The gist of a report released yesterday regarding how authorities handled the case of Mitrice Richardson, a young woman found dead almost two years ago in a Malibu canyon, dealt with poor communication between agencies after her body was found, not with how her disappearance was handled or the decisions that led up to it.
But because it’s part of a larger puzzle, her case is worth bringing up again for other reasons. Richardson, who was black, was 24 years old when she was released from the Malibu-Lost Hills station of the Los Angeles County Sheriff’s Department after midnight without her purse or a cell phone. Her car had been towed after Richardson, a former beauty queen and college graduate who struggled with mental illness, was arrested for not paying her bill at a Malibu restaurant.

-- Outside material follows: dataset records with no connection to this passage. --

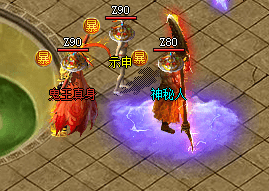 <strong>8月13号传奇修仙记：我的战力觉醒之路</strong>
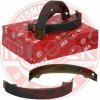 Sada brzdových čeľustí MASTER-SPORT GERMANY 03013703792-SET-MS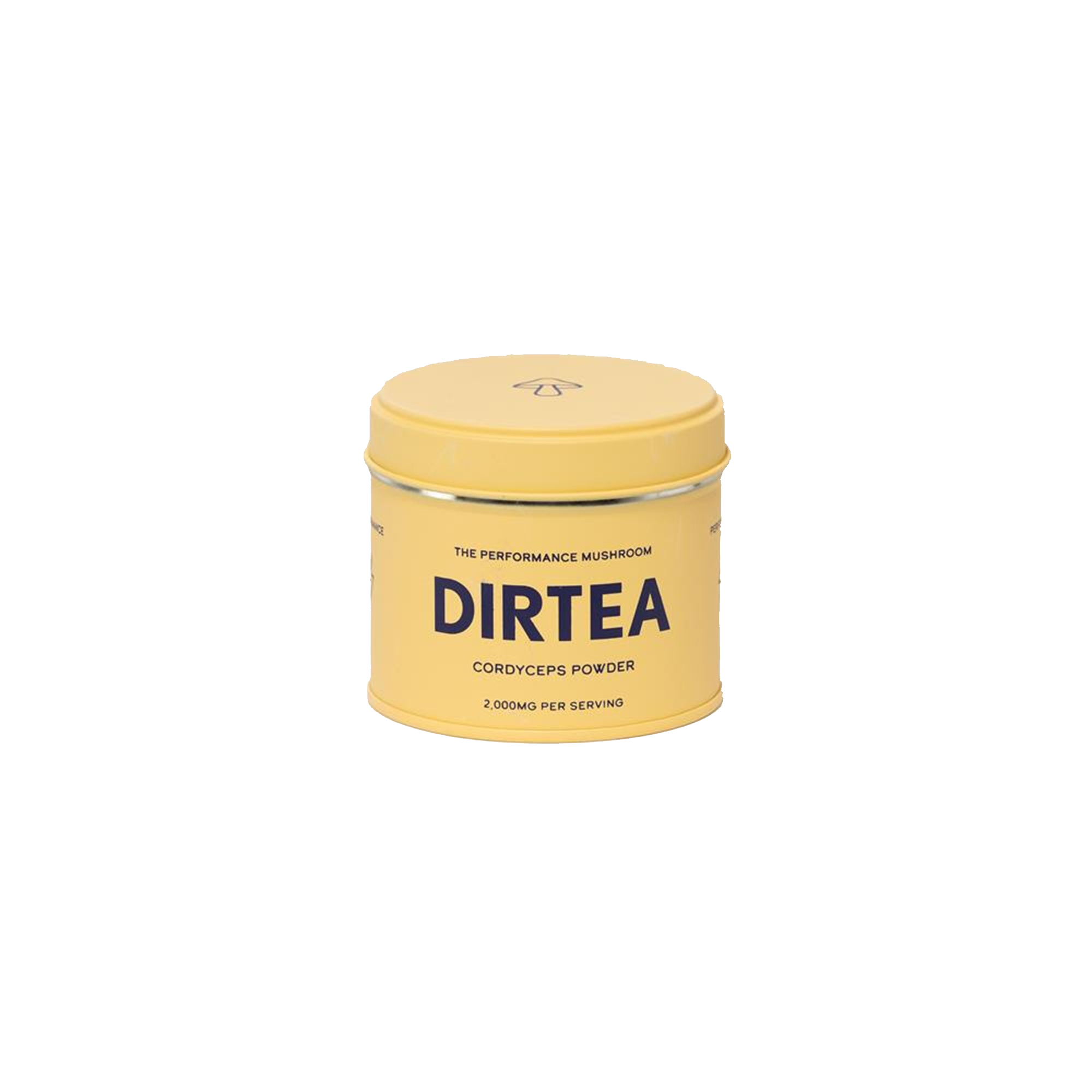 DIRTEA Cordyceps Powder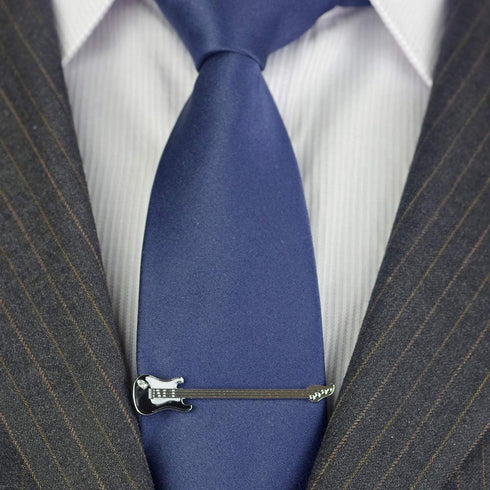 Men's Cufflink and Tie Clip Tie Bar Set Fashion Special Shape...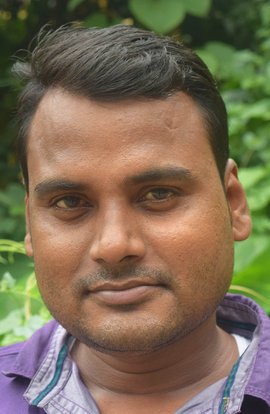 Umesh Chandrapati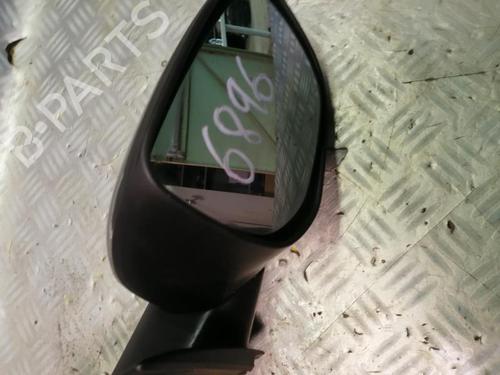 Used Right mirror Right mirror CITROËN C4 CACTUS 1.6 BlueHDi 100 (99 hp) 22587328 22587328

In the criticism since lobbed at the Sheriff’s Department, the role of race in how her case was handled has been more than implied. Richardson’s parents filed suit for wrongful death, charging that authorities should never have released her how they did, in the middle of the night in unfamiliar surroundings with no transportation or way of contacting anyone for help.
As for media coverage, Richardson’s case eventually made major headlines, but not initially, when the search for her began. It may not have made a difference. But there is a stark gap in coverage of missing persons, children and adults, that is tied to race and ethnicity. Last month the Maynard Institute, which promotes diversity in journalism, published a piece explaining – painfully – why people of color are not a media priority:
A 2005 study by Scripps Howard News Service found that although half of missing children are white, they were subjects of more than two-thirds of reports on the Associated Press national news wire during the last five years and for three-fourths of missing-children coverage on CNN.
The data point to a need for the media to be colorblind on this topic. A victim’s race should not impact coverage, especially when media attention can help bring a child home or determine whether a crime has been committed. Experts cite a need for the media to provide a civic responsibility to cover all missing persons cases.
“Historically, the perfect victim is a young female who is Caucasian and considered cute as a button and if there’s a sketchy family history, it feeds into the formula,” says Gaetane Borders, president of Peas In Their Pods, a nonprofit in Snellville, Ga., that raises awareness about missing children of color.
The piece compares two recent similar cases involving missing children: that of Jahessye Shockley, a five-year-old black Arizona girl who went missing last October, and Caylee Anthony, a two-year-old white Florida girl whose mother was tried for her death and acquitted last year.